New study explores how life on one exoplanet could spread to its neighbor
- By David Rothery, The Conversation on December 7, 2015
- Imagine two nearby exoplanets orbiting the same sun, each with its own indigenous civilisation. They’re going through history either as companionable neighbours or deadly rivals. This is a familiar situation in science fiction, but could it ever happen?
With the rapidly growing number of habitable exoplanets being discovered, this scenario may seem plausible. Now a new scientific study, to be published in the Astrophysical Journal, explores this issue by examining some of the conditions affecting life in a solar system with two habitable planets.
The researchers were inspired by NASA’s discovery of Kepler 36b and Kepler 36c, the two known planets of the star Kepler 36. The orbital distances of these planets from their star differ by only 10%, making them extremely close neighbours.
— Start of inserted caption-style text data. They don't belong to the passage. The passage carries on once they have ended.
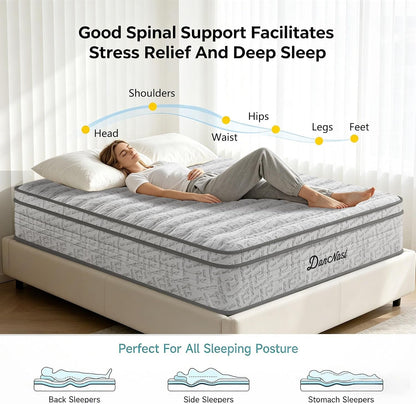 Queen Size Mattress 12 Inch (5 Star Hotel-Level Luxury) Hybrid Queen Mattress in a Box, Cooling-Gel Memory Foam & Pocket Springs for Motion Isolation,Medium Firm,Back Pain,Edge Support,365-Night Trial7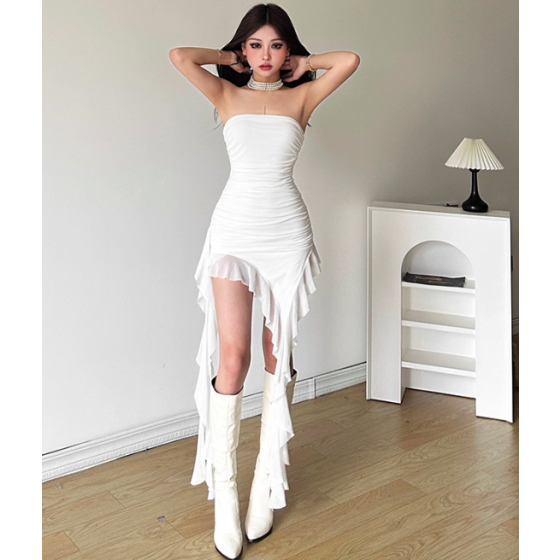 Fashion sexy asymmetrical floral camisole dress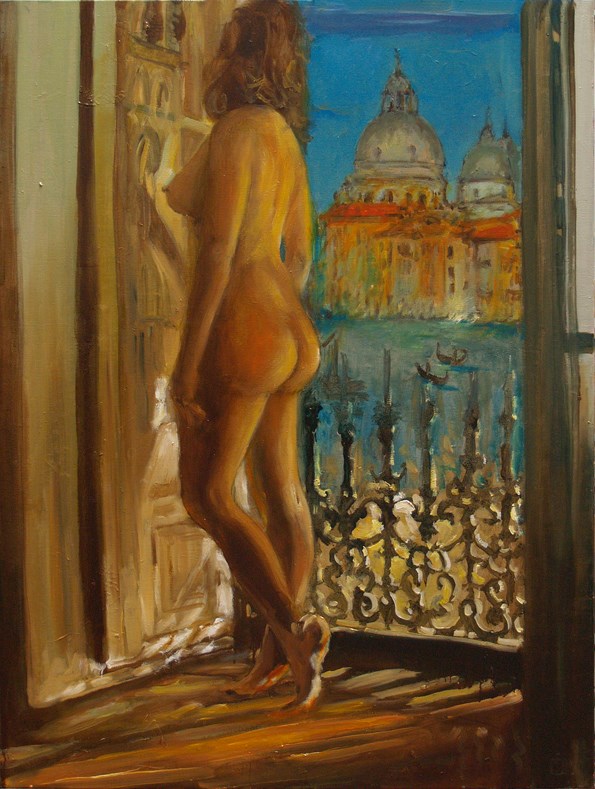 Living room painting by Dariusz Żejmo titled  Love in Venice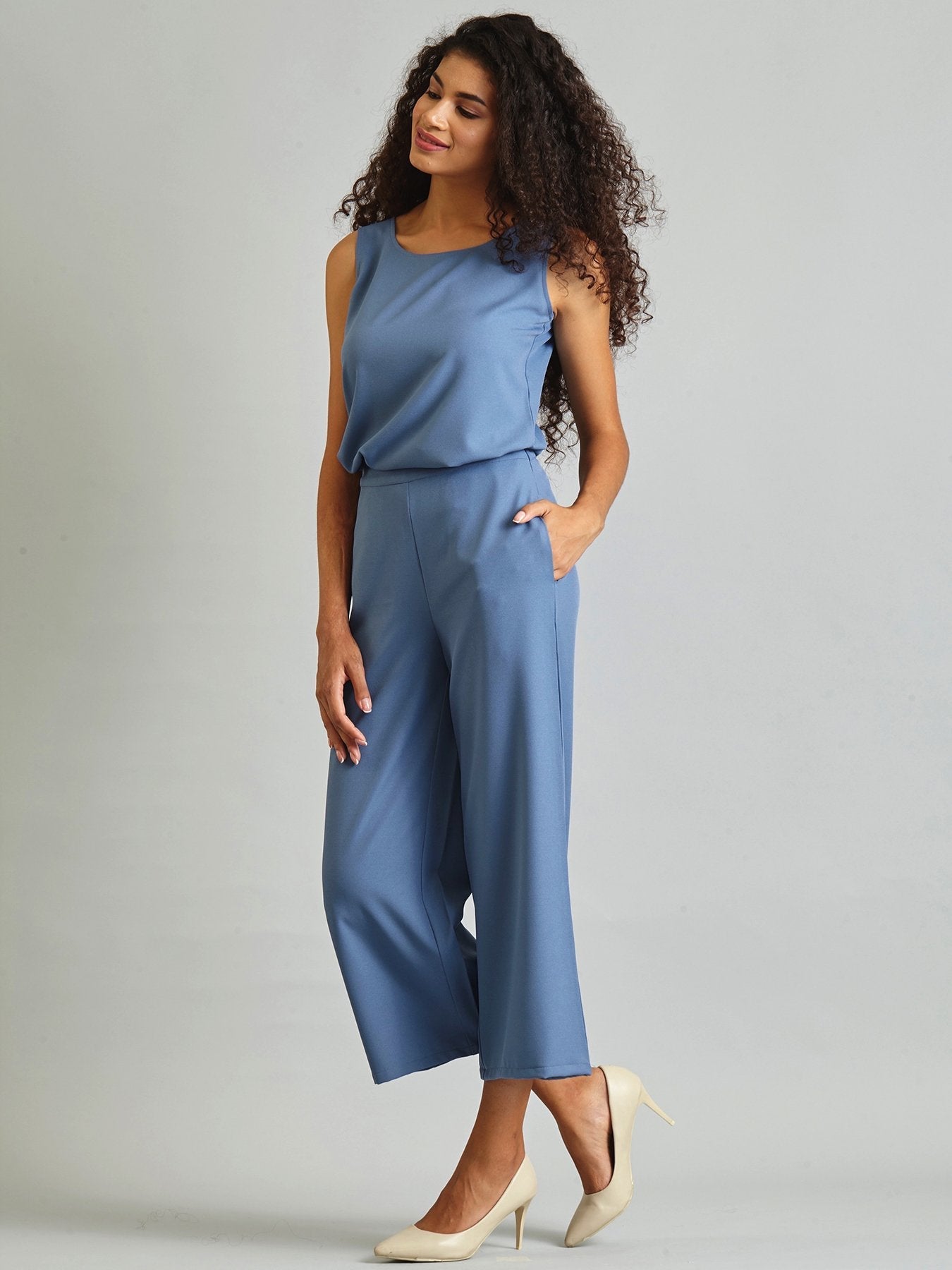 Side Zipper Culottes - Blue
The inner planet completes seven orbits in the time that it takes the outer planet to complete six orbits (a situation described as 7:6 mean motion resonance). This means that once in every six or seven of your years (depending on which planet you live on), your neighbouring planet passes close by.
Wild wobbles?
The researchers first of all wondered if these periodic close passages would affect the tilt of either planet’s axis. This is important in the context of life because large fluctuations in axial tilt would lead to drastic variations in climate. While not fatal for microbial life, it could reduce the chances of complex life emerging and make it very hard for any intelligent life that did evolve to establish a long-lasting civilisation.
In the case of Kepler 36b or Kepler 36c, it is highly unlikely that life could exist, because they are too close to their star and have surface temperatures approaching 1000C. The researchers therefore analysed a hypothetical pair of Earth-like planets in 3:2 resonance, both within their star’s habitable zone where liquid water would be stable on their surfaces.
Reassuringly for the prospects of complex life, they found that neither planet’s axial tilt was driven to vary wildly as a result of their closeness.